-- Exercise --
Reproduce each line below precisely. Drop the pictures.

-- Collected data --
»»
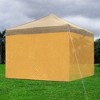 Instahibit Universal Removable Privacy Sidewall Fit 10ft Outdoor Pop up Canopy Tent Instant Camping Sun Shade 1Pack Orange - 4 of 4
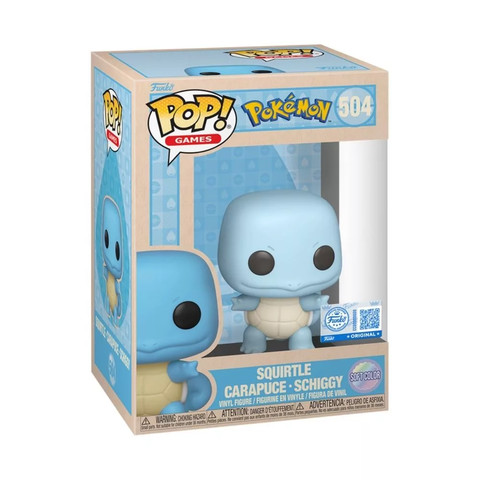 POP Games: Pokemon- Squirtle(SftClr)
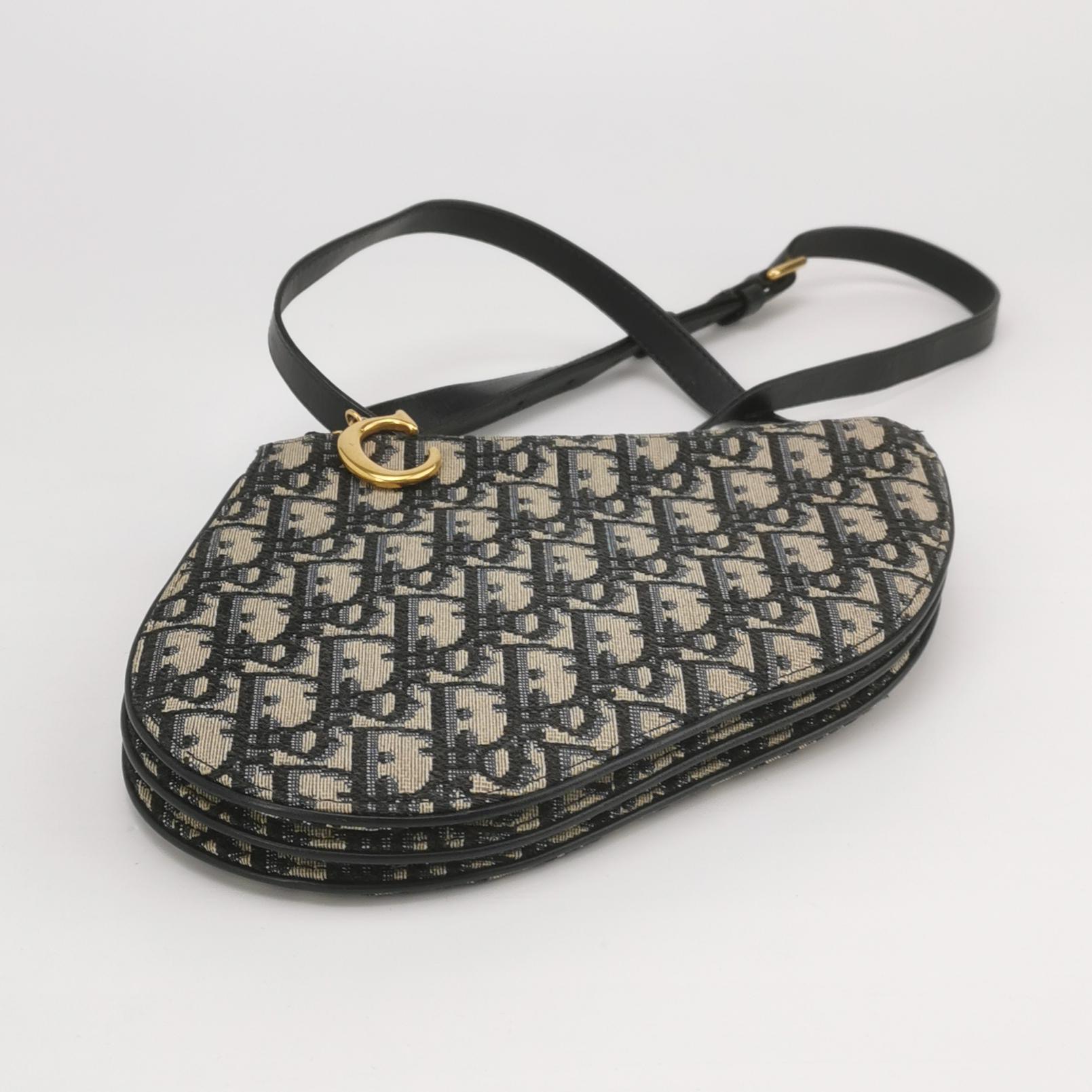 Christian Dior Saddle Triple Zip Crossbody Pouch Oblique Canvas — photo 6 of 14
««
-- Response to this exercise --
 Instahibit Universal Removable Privacy Sidewall Fit 10ft Outdoor Pop up Canopy Tent Instant Camping Sun Shade 1Pack Orange - 4 of 4
 POP Games: Pokemon- Squirtle(SftClr)
 Christian Dior Saddle Triple Zip Crossbody Pouch Oblique Canvas — photo 6 of 14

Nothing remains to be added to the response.